Я вспомнил, как Глеб ржал: «Че ты с этим пианистом возишься, Владос? Может, влюбился?» Я тогда ему чуть в табло не прописал, в шутку типа. А сейчас… не смешно. Ни разу не смешно. Я всегда думал, что любовь-морковь, сопли в сахаре — это для слабаков. Мне нужен был драйв, движуха, чтоб весело. А тут…
Я поймал себя на мысли, что мне не просто секса хотелось. С сексом-то как раз всё было бы просто. Мне хотелось, чтоб он перестал дрожать. Чтоб он понял, что он не один. Чтоб он смотрел на меня не с этим ужасом в глазах, а так, как тогда на кухне, когда я анекдот травил. Мне этот пацан нужен был целиком, со всеми его тараканами и этой грёбаной консерваторией. Впервые в жизни мне был важен человек. Его боль, его эти дурацкие пианистические пальцы, его страхи.
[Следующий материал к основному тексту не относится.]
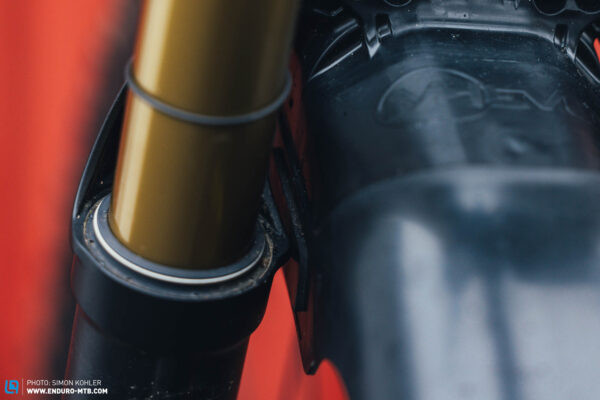 Clean mountain bike fork seals after fender use, showing effective fork protection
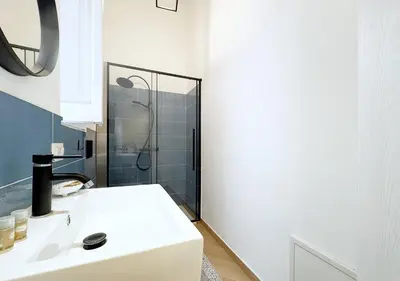 a bathroom with a white sink and a shower at Solemar Sicilia - Casa Markiz in Palermo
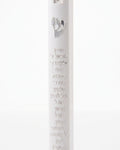 Scripted Shema white acrylic mezuzah case on a white background with raised Hebrew text, a silver Shin and Torah scroll emblem, and top and bottom mounting recesses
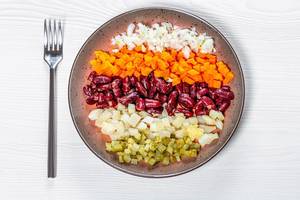 Top view sliced boiled carrots, beets, potatoes, pickles and onions (Flip 2019)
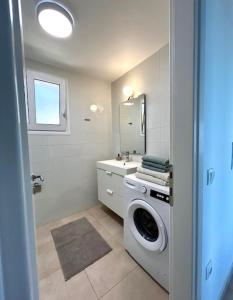 a bathroom with a washing machine and a sink at Villa Peony Koroni in Koroni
И я, со своим идиотским порывом, кажется, только что всё это окончательно просрал.
— Сука… — я зарылся пальцами в волосы и сжал их так, что стало больно.
Перед глазами стоял его побег. То, как он споткнулся в дверях, как у него куртка съехала. Это было так… беспомощно. И я сам в этом виноват. На эмоциях, бля. Герой-любовник хренов.
В коридоре снова послышались шаги — кто-то из соседей поплёлся в туалет. Жизнь в коммуналке продолжалась. А я сидел в темноте и чувствовал, как внутри меня медленно разрастается пустота. Мой уютный мир, где всё было понятно и просто, разлетелся в щепки. И в этой тишине я отчётливо понял одно: этот тихий, забитый мальчик-пианист стал для меня важнее, чем я сам готов был признать. И что теперь с этим делать — я хрен его знал.
Я встал, подошёл к окну и прижался лбом к холодному стеклу. На улице было темно и пусто. Где-то внизу проехала машина, на секунду выхватив фарами мокрый асфальт.
— Завтра репа, — вслух сказал я. — И как я ему теперь в глаза смотреть буду? Придет ли он вообще?
Ответа не было. Только холодильник на кухне продолжал монотонно гудеть, будто издевался. И одна мысль сверлила мозг: что там случилось с его братом на самом деле? Сбежал? Или что похуже? И почему Антон говорит о нём так, будто хоронит заживо?
Впервые в жизни мне стало по-настоящему страшно. Не за себя — за него. И от этого страха некуда было спрятаться.